Liberty Global And Telefonica Strike $40 Billion UK Joint Venture

Virgin Media hopes a merger with O2 will help arrest its recent decline.
The £31 billion ($40 billion) merger deal in the UK between cable company Virgin Media and mobile operator O2 will if approved create a second major fully converged entertainment and communications group in the country alongside BT.
This would leave Comcast’s Sky as the largest pay TV operator but ironically dependent on O2 for the cellular infrastructure underpinning its mobile offering as an MVNO (Mobile Virtual Network Offering).
Virgin Media has also had an MVNO offering for some years, but that is currently over rival BT’s EE infrastructure, so again that has become an uncomfortable liaison. Indeed, Virgin Media’s courting of O2 was motivated partly by the desire to sever those bonds with BT, and now Sky may come under pressure to seek a more neutral cellular partner upon which to base the mobile component of its converged multiplay offering. But there are not many options, because the other two significant UK MNOs (Mobile Network Operators) are Vodafone, increasingly a competitor over fixed broadband and possibly TV in future, and Three, which is owned by CK Hutchison Holdings, a Hong Kong-based and Cayman Islands-registered conglomerate. The latter might be the only acceptable partner, but for now Sky will remain beholden to O2 as the latter plots its merger with Virgin Media.
The merger is also another example of cable TV and mobile operators coming together to create a unified force capable of competing in the new world of converged media and communications. Vodafone has been moving this way for years, starting in Germany where it acquired the leading cable operator Kabel Deutschland for €7.7 billion ($8.6 billion) after a hostile but ultimately successful takeover campaign during late 2013. It then followed up by taking over the smaller but still significant German cable company Unity Media in 2019.
Meanwhile, Vodafone had achieved a similar goal via a different route in the Netherlands through its joint venture with cable group Liberty Global to create VodafoneZiggo. Such convergence enables cable operators to deliver a fully bundled service combining TV Everywhere, fixed broadband and mobile service, with scope for exploiting their fixed infrastructure to backhaul cellular traffic. The latter will become increasingly attractive as mobile operators deploy smaller cells in denser configurations within urban areas to enable the higher bit rates and lower latencies promised with emerging 5G mobile services.
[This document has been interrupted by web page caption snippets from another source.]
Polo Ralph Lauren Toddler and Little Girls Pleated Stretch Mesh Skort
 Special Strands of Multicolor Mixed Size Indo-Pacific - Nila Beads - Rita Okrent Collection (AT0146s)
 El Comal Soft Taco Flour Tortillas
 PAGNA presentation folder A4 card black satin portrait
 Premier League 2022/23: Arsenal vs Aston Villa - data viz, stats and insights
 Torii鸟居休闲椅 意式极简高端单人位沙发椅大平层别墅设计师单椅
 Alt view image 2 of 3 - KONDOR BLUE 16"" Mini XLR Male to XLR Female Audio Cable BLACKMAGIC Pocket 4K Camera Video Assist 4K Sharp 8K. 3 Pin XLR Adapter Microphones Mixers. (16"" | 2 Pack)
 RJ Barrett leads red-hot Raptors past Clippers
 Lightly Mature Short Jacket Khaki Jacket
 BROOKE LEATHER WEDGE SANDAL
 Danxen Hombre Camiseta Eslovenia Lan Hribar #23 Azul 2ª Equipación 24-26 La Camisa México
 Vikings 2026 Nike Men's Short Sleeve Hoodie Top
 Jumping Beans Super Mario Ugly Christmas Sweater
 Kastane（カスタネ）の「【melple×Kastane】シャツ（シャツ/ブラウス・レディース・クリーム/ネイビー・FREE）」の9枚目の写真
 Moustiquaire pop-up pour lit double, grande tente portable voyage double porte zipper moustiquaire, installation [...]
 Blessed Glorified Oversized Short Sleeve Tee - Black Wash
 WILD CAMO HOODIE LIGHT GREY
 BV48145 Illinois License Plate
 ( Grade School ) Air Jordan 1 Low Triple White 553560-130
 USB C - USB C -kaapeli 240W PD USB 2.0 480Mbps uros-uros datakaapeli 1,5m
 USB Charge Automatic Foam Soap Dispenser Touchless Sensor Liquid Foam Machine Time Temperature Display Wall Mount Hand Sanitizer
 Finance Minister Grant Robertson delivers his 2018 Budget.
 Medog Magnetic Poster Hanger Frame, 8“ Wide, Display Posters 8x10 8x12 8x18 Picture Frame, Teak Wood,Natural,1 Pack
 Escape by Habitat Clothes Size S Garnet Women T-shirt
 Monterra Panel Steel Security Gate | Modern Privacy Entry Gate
At the same time, many cable operators such as Virgin Media have been shedding TV subscribers and relying increasingly on fixed broadband revenues. This has increased the urgency of shoring up their cellular offering to meet ever stronger competition from OTT providers, especially since 5G with its much higher potential capacity and QoS (Quality of Service) is likely to bring MNOs into the fold as premium video service providers.
Liberty Global is also Virgin Media’s parent following its acquisition of the operator for £15 billion (then $23 billion) in 2013, while O2 is Telefonica’s UK mobile operation. The agreed merger between Virgin Media and O2 can therefore be seen as part of a broader global consolidation occurring, undeterred by the current Covid-19 pandemic. Mobile operators themselves are vulnerable if they lack complementary fixed broadband offerings, which can complement their portfolios and provide backhaul capabilities, and that has been the case for O2 in the UK. That is why Vodafone has been stealthily building up its fixed broadband offerings in countries where it has a strong mobile presence.
However, the merger between Virgin Media and O2 will leave Vodafone in danger of falling by the wayside of converged entertainment in its domestic UK market, for it has been struggling to build up fixed broadband share there, while its TV offering is largely confined to including Apple TV 4K in its unlimited broadband and data bundle. Currently Vodafone has just 2.5% of the UK fixed broadband market with 687,000 subscribers out of 26.7 million, against market leader BT on 9 million, with Sky and Virgin Media the other two major forces. For this reason, some analysts have been predicting that Vodafone may be bounced into making a counter bid for Virgin Media, having after all done business with Liberty Global in the Netherlands and had discussions about convergence elsewhere in Europe. There is also the question of regulatory approval, so it is not yet a done deal, although the odds are in favor. Such a merger is in keeping with similar consolidations elsewhere, while regulators would more strongly resist mergers within a sector such as mobile services between already dominant players.